Şimdiye kadarki en iyi blog gönderisiyle bile bu sayılara asla ulaşamayacağınızı zaten biliyorsunuz. Bu yüzden viral olmanın sizin için ne anlama geldiğini tanımlamanız önemlidir.
Benim için viral bir blog gönderisi , ortalama gönderinizin paylaşım sayısına kıyasla çok yüksek sayıda paylaşıma sahip olan bir gönderidir. Örneğin, ortalama gönderiniz Facebook'ta 10 – 20 kez paylaşılıyorsa, viral 200 Facebook paylaşımı ve üzeri anlamına gelebilir. Başka bir blogcu için 500'den fazla anlamına gelebilirken, bazıları için sihirli sayı 10.000 olabilir.
Ancak viral olan bir blog yazısı yazmak sadece şans işi, değil mi?
Doğru - olana kadar.
Bir süre önce bir blogcu arkadaşıma ertesi günkü blog yazımın viral olacağını söyledim. Zaten biliyordum. Hiç şüphe yok. Ve beklentilerimi bile aştı. Bu tek seferlik bir olay değildi. Viral olan birkaç blog yazısı yazdım.
Ve sen de yapabilirsin!
Blogcuların başarı için boş yere çabalamalarının nedenlerinden biri, blog yazısı yazmanın 3 temel ilkesini atlamış olmaları veya bilmemeleridir.
1. Nişinizi bilin
İlk sır, belirli bir niş içinde bir bloga sahip olmaktır. Nişiniz ne kadar spesifik olursa, okuyucularınız için yazılmış içerik oluşturmak o kadar kolay olur.

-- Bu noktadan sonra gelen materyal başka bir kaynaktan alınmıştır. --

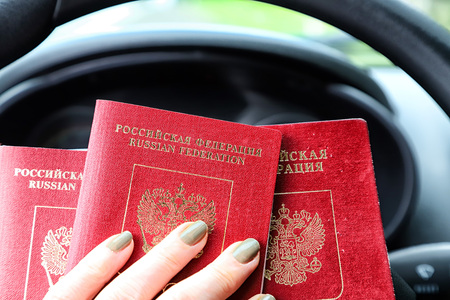 Russian passports in the hand of woman and and the steering wheel of a car with a blurred road and landscape in the background. Concept of travel abroad by car for Russian citizensの写真素材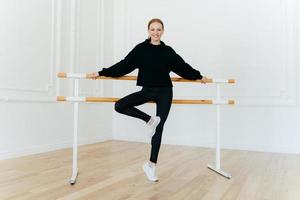 horizontaal schot van flexibele jonge vrouw leunt op ballet barre, draagt een zwart kostuum en witte sportschoenen, glimlacht positief, poseert in de danszaal. balletleraar demonstreert verschillende oefeningen foto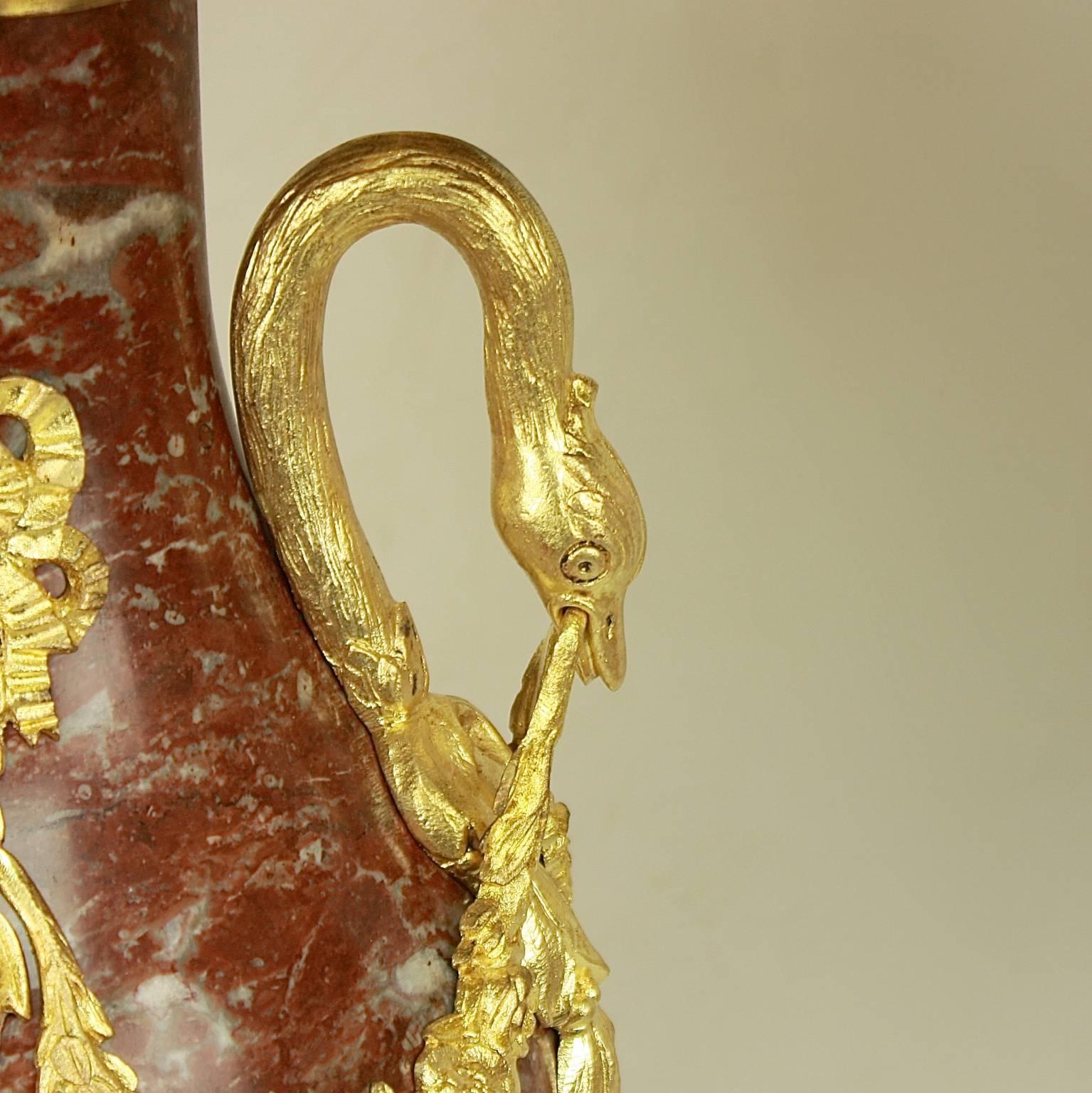 Pair of 19th century Louis XVI style solid 'royal rouge' marble and gilt bronze-mounted baluster-shaped table lamps. The finely chiseled and well-proportioned gilt bronze applications decorated with detailed ornamentation. Attached to the narrow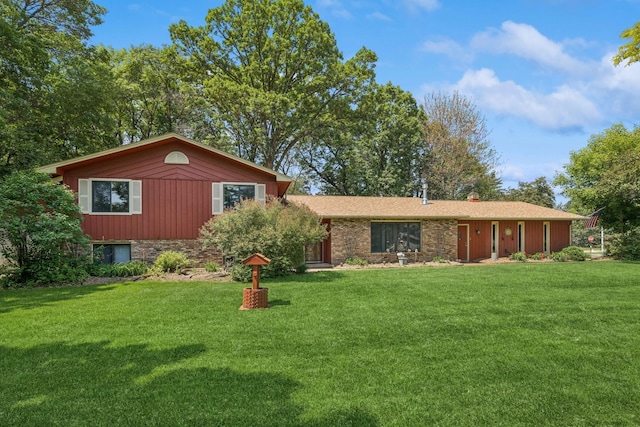 2216 146th Ave NE, Ham Lake, MN 55304 - split level home with a front yard and brick siding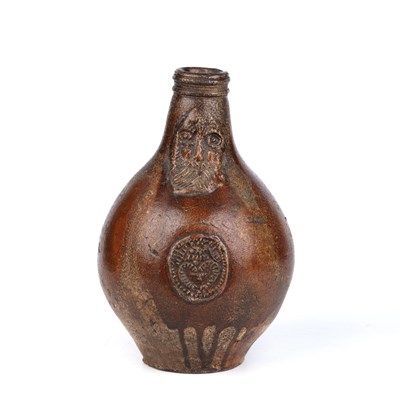 Lot 11 - A 17th century German stoneware Bellarmine Jug...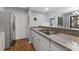 Open concept kitchen features granite counters, stainless sink, and views of living areas at 3803 Chimney Ridge Pl # 102, Durham, NC 27713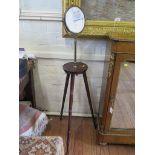 A Victorian stained wood gentleman's shaving stand, with hinged bevelled circular plate, on a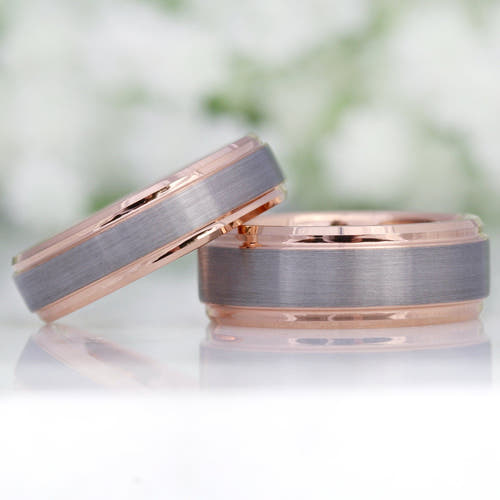 Two men's two-tone silver and rose gold tungsten wedding bands, one leaning on the other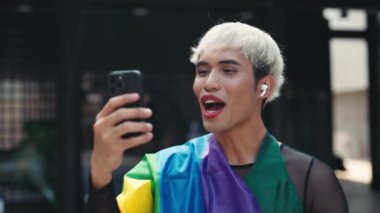 Gülümseyen Adam dışarıda duruyor ve arkadaşlarıyla video görüşmesi yapıyor. Dışarıdaki Yakışıklı Transseksüel Adam Geçit Töreni 'nden Aileleri Arıyor. LGBT ve Teknoloji Konsepti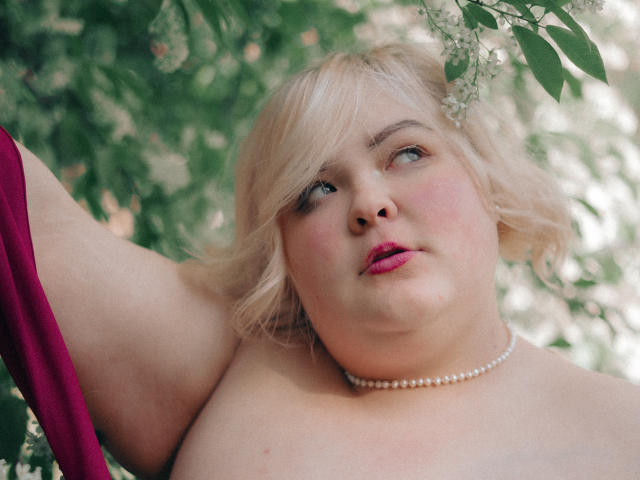 EllaBigBabe with blonde hair, pink lipstick, pearl necklace, and raised arm in a red garment, looking up with a slightly curious expression. Her face is chubby with pink cheeks.
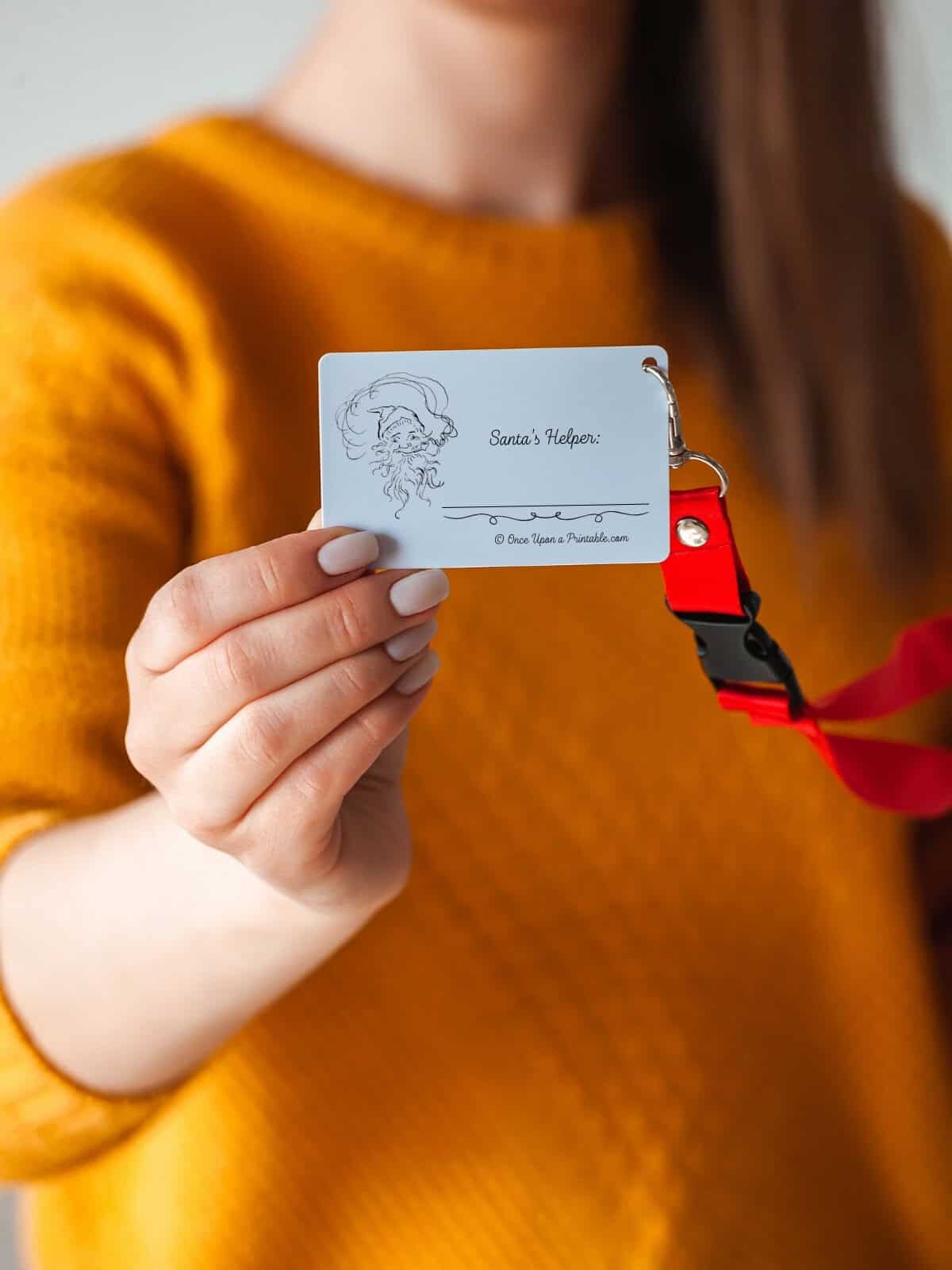 "Santa's Helper" name tag illustrated by Arthur Rackham.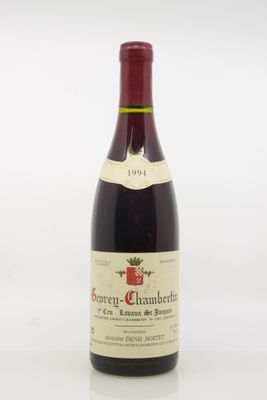 a bottle of wine that is sitting on a table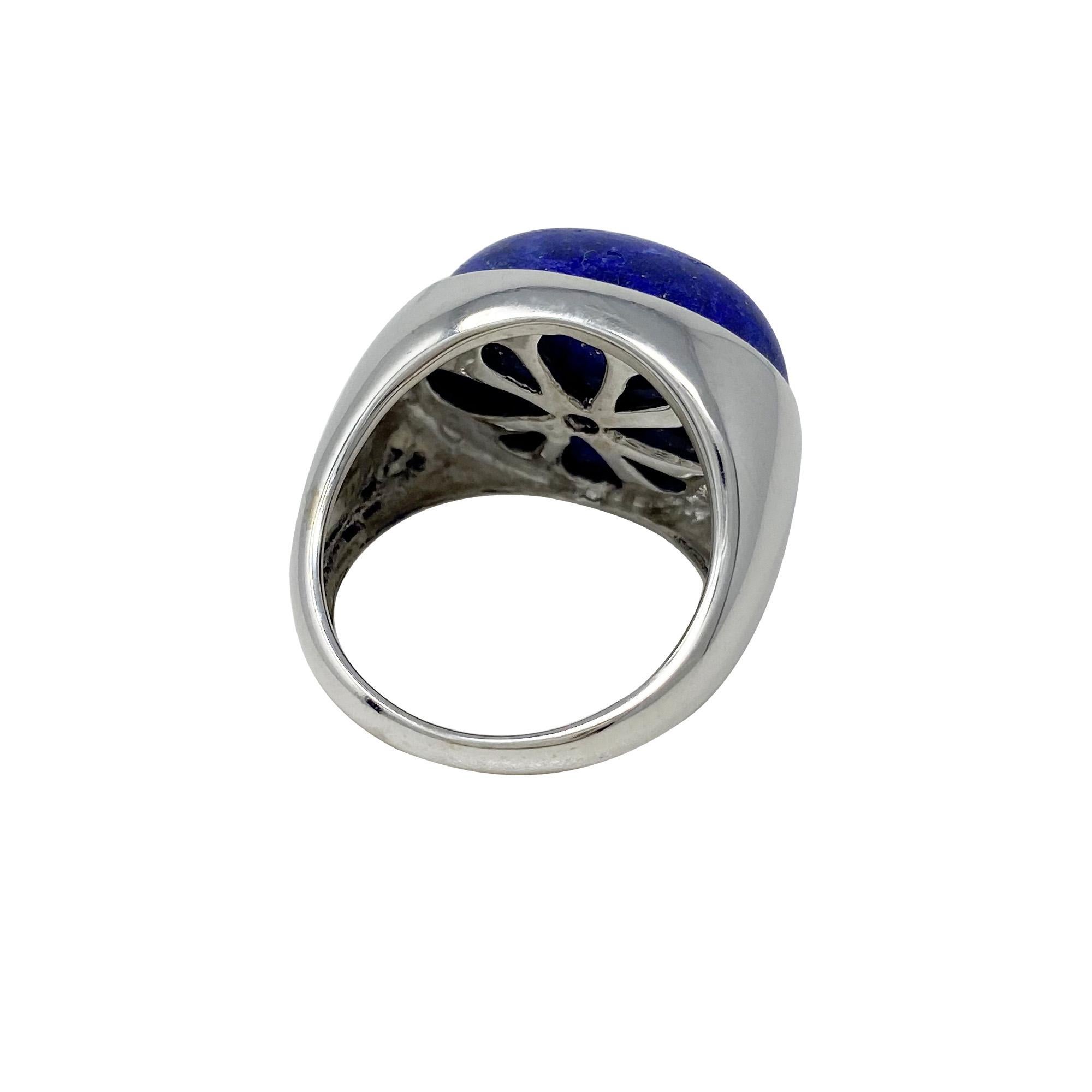 The oval-shaped, cabochon-cut lapis lazuli is a lovely shade of blue and the 18 karat white gold mounting and the yellow pyrite in the stone go beautifully together!  Size 9 1/4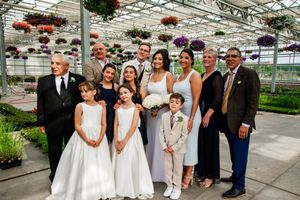 Wedding party members gather in a bright greenhouse filled with hanging plants and flowers.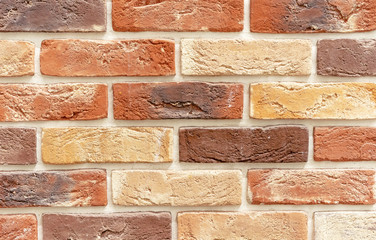 Brick wall of multicolored bricks. Background and texture of brickwork.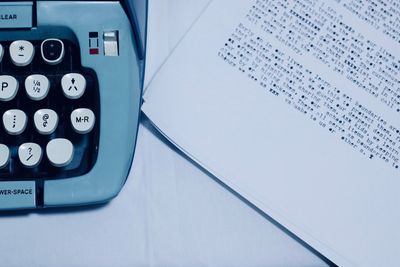 High angle view of typewriter with papers on table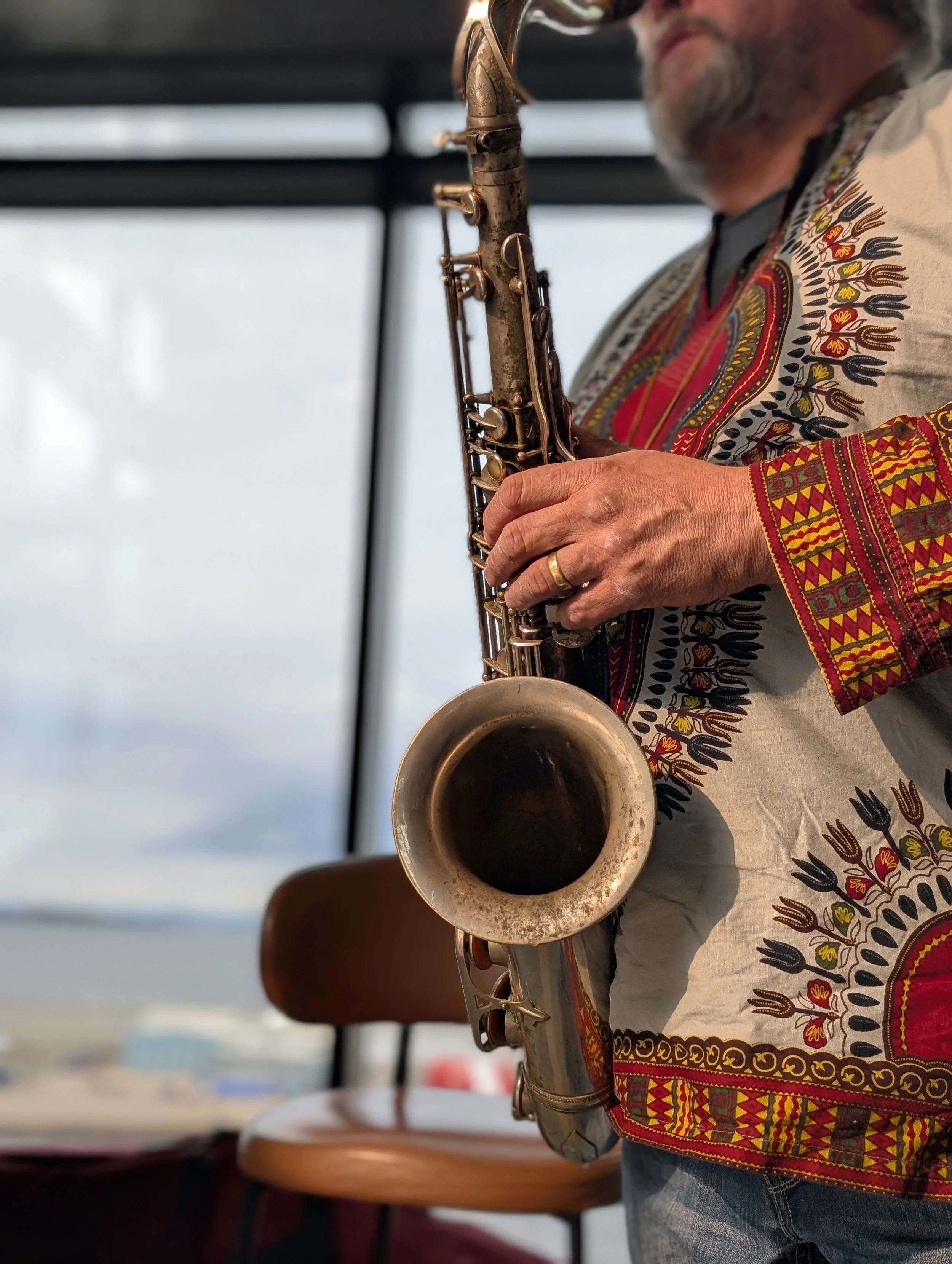 A man playing a saxophone indoors with a large window showing an outdoor scene in the background, wearing a colorful, patterned shirt.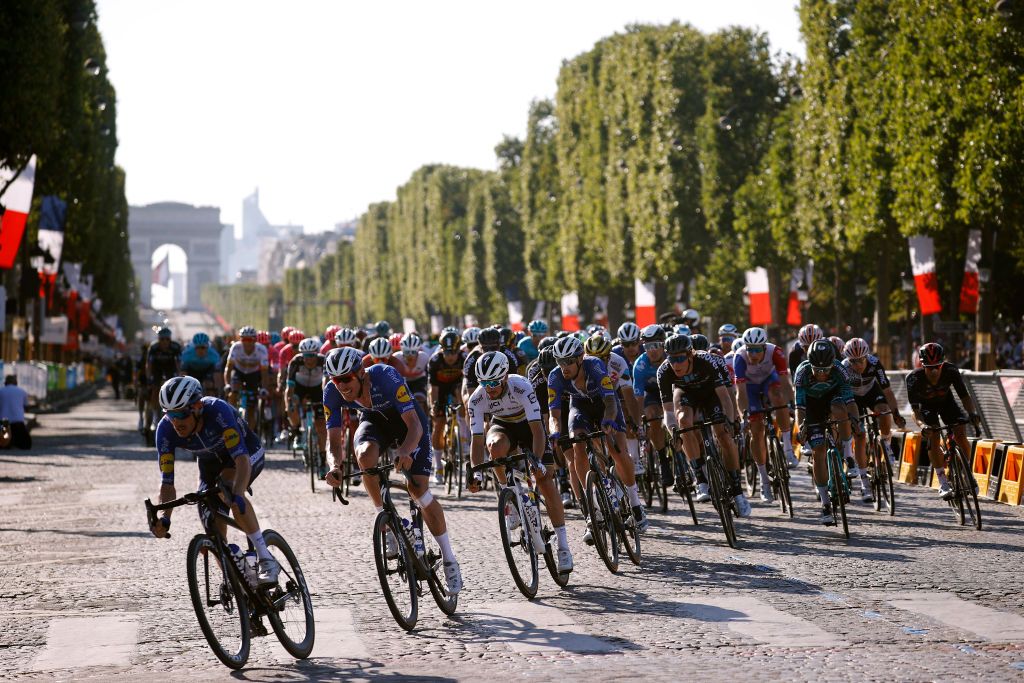 PARIS FRANCE JULY 18 Dries Devenyns of Belgium Michael Mrkv of Denmark Julian Alaphilippe of France and Team Deceuninck QuickStep lead The Peloton passing through The Champslyses during the 108th Tour de France 2021 Stage 21 a 1084km stage from Chatou to Paris Champslyses Arc De Triomphe LeTour TDF2021 on July 18 2021 in Paris France Photo by Chris GraythenGetty Images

Birçok acemi blog, herhangi birine odaklanmadan çok çeşitli konularda yazılar yayınlar. Bununla ilgili sorun, her gönderinin blog okuyucularının yalnızca bir kısmına hitap edebilmesidir. Bu, içeriğin yayılma potansiyelini azaltır. Daha da kötüsü, okuyucular sürekli değişen konulara ilgi duymuyorlarsa, okumayı tamamen bırakacaklar.
Nişinizde uzman olun.
Bir blog yazarsanız, o alanda uzman olarak kabul edileceğinizi muhtemelen duymuşsunuzdur. Bu her zaman doğru değildir. Konunuzu yeterince iyi bilmiyorsanız, okuyucular bunu hissedecektir. Üzücü olan kısım, size asla haber vermeyebilirler; geri dönmeyecekler ve kesinlikle çalışmanızı paylaşmayacaklar.
Sektör haberlerinden ve trendlerinden haberdar olun.
Nişiniz ne olursa olsun, onu iyice bildiğinizden emin olun. Araştırın, aynı konudaki diğer blogları okuyun ve ilgili haberlerden haberdar olun.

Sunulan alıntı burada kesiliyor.